The fires that devastated the North Bay a year ago are out, but in their wake, it's the housing market that’s ablaze. Jessica Taylor has this Perspective.

I’ll never forget that windy October night a year ago, when my husband and I startled awake at 2 a.m. to what we thought was the scratch of tree branches. In actuality it was our dear friends, rapping on the window. They’d woken to a mandatory evacuation and fled the wildfire that was ravaging the dry hills east of Santa Rosa. When daybreak revealed an apocalyptic ashen sky and news that K-Mart had just caught fire, we joined the long line of cars heading out to the coast.

We were among the lucky with homes to return to, who would not know the horror suffered by some 5,000 people — like Judy Sakaki, president of Sonoma State University, who awoke at 4 a.m. to a burning house and fled without even shoes. Indeed, the Tubbs Fire, which quickly became the most destructive in California history, decimated our beloved town but left our family relatively unscathed.

Or so I thought. Six months later, almost to the day, my husband and I received 90 days’ notice from our landlord, without any explanation. The fires may have long been out, but the housing market was and still is ablaze. Crummy two bedrooms in Santa Rosa are going for $2,500 a month. As a county social worker and adjunct English instructor, our salaries have not and never will keep pace with the exploding cost of living here in the Bay Area.

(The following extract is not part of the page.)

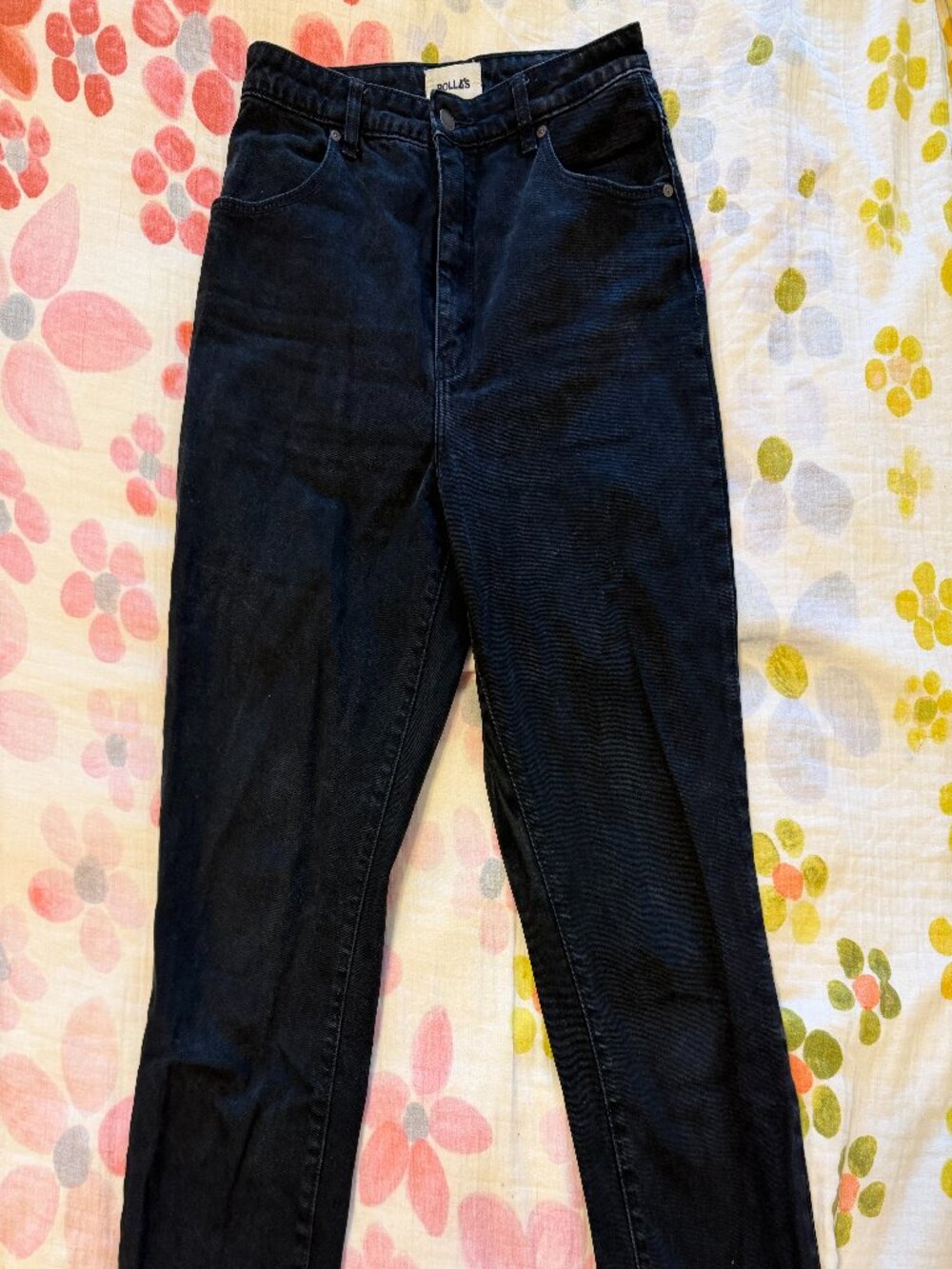 Rollas High-waisted Straight Leg Black Jeans (from Free People)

We finally found a house in nearby Rohnert Park, though for the second time in three years we faced a $700 rent increase. Our rent has more than doubled since 2015, inching us closer to that quarter of Sonoma County residents who spend at least half their income on rent. We’re among the journalists and teachers, farmers and county employees, who are increasingly finding Sonoma County an unsustainable place to live. We love contributing to our community and raising our children here. We don’t want to be squeezed out.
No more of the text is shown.